=== Section Start ===
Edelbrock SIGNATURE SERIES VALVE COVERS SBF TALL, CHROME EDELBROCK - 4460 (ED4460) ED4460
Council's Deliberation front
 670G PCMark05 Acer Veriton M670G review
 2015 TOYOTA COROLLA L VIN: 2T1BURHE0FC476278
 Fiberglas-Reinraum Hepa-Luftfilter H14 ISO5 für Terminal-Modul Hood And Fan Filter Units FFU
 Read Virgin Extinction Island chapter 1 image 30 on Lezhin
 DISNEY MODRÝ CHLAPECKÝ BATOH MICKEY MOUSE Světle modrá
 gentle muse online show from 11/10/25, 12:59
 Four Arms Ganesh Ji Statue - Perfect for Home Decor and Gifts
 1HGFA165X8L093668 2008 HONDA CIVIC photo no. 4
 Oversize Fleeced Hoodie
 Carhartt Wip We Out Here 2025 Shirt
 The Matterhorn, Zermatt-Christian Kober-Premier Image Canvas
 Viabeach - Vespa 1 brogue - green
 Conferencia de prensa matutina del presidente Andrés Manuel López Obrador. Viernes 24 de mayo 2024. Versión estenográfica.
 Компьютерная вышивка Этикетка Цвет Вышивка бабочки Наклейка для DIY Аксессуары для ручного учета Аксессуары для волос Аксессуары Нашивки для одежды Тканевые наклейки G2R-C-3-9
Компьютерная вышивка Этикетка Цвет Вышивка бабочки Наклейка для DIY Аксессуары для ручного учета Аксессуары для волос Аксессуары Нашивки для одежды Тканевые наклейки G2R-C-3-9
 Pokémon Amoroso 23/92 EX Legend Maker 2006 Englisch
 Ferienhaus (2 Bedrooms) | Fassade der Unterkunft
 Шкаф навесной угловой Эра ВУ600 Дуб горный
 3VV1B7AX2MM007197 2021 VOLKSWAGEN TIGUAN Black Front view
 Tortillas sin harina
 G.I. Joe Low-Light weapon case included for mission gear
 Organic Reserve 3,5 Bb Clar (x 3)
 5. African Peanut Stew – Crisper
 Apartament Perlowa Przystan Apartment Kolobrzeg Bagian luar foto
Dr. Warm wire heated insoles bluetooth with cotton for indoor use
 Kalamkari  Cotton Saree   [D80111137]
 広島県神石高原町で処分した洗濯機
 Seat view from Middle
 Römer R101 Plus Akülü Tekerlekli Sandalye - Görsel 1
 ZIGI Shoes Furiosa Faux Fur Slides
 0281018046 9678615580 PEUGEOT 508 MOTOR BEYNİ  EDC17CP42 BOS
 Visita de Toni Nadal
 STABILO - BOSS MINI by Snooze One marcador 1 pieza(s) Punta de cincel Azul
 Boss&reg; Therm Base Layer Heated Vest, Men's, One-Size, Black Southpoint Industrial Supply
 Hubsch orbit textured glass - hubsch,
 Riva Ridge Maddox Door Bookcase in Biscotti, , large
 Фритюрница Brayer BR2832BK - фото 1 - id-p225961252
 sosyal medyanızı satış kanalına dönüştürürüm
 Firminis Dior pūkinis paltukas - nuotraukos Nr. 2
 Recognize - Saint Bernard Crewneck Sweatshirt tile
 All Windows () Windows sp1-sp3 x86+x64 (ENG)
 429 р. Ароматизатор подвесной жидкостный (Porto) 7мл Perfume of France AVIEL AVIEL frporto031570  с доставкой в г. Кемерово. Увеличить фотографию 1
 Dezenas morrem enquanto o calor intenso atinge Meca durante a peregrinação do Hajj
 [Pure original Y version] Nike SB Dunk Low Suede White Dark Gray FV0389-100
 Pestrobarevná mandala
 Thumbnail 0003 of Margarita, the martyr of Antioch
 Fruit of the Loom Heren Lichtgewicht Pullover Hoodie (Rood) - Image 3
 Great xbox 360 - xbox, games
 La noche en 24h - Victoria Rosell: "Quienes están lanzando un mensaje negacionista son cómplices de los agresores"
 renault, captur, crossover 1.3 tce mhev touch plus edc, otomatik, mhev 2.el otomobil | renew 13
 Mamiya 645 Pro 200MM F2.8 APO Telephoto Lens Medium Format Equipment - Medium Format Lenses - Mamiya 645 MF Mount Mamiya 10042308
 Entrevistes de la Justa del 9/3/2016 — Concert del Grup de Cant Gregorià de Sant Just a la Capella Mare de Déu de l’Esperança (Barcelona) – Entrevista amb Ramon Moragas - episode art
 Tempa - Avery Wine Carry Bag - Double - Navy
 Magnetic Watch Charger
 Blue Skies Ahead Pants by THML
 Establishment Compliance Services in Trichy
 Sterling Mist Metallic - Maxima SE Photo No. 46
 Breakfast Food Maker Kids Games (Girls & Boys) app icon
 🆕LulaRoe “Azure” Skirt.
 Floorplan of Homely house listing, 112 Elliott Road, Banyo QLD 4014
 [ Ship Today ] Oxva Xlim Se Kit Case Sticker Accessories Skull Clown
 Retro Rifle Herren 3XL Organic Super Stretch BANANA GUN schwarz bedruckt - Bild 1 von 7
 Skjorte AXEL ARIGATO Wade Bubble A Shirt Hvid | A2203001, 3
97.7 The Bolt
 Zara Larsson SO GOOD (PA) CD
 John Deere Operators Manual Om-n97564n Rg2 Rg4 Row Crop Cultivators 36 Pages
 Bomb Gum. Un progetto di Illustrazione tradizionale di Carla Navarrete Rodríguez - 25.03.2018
=== Section End ===
The lines to retype, exactly and only, run from the first line of the material through the line with "Pokémon Amoroso 23/92".

Edelbrock SIGNATURE SERIES VALVE COVERS SBF TALL, CHROME EDELBROCK - 4460 (ED4460) ED4460
Council's Deliberation front
 670G PCMark05 Acer Veriton M670G review
 2015 TOYOTA COROLLA L VIN: 2T1BURHE0FC476278
 Fiberglas-Reinraum Hepa-Luftfilter H14 ISO5 für Terminal-Modul Hood And Fan Filter Units FFU
 Read Virgin Extinction Island chapter 1 image 30 on Lezhin
 DISNEY MODRÝ CHLAPECKÝ BATOH MICKEY MOUSE Světle modrá
 gentle muse online show from 11/10/25, 12:59
 Four Arms Ganesh Ji Statue - Perfect for Home Decor and Gifts
 1HGFA165X8L093668 2008 HONDA CIVIC photo no. 4
 Oversize Fleeced Hoodie
 Carhartt Wip We Out Here 2025 Shirt
 The Matterhorn, Zermatt-Christian Kober-Premier Image Canvas
 Viabeach - Vespa 1 brogue - green
 Conferencia de prensa matutina del presidente Andrés Manuel López Obrador. Viernes 24 de mayo 2024. Versión estenográfica.
 Компьютерная вышивка Этикетка Цвет Вышивка бабочки Наклейка для DIY Аксессуары для ручного учета Аксессуары для волос Аксессуары Нашивки для одежды Тканевые наклейки G2R-C-3-9
Компьютерная вышивка Этикетка Цвет Вышивка бабочки Наклейка для DIY Аксессуары для ручного учета Аксессуары для волос Аксессуары Нашивки для одежды Тканевые наклейки G2R-C-3-9
 Pokémon Amoroso 23/92 EX Legend Maker 2006 Englisch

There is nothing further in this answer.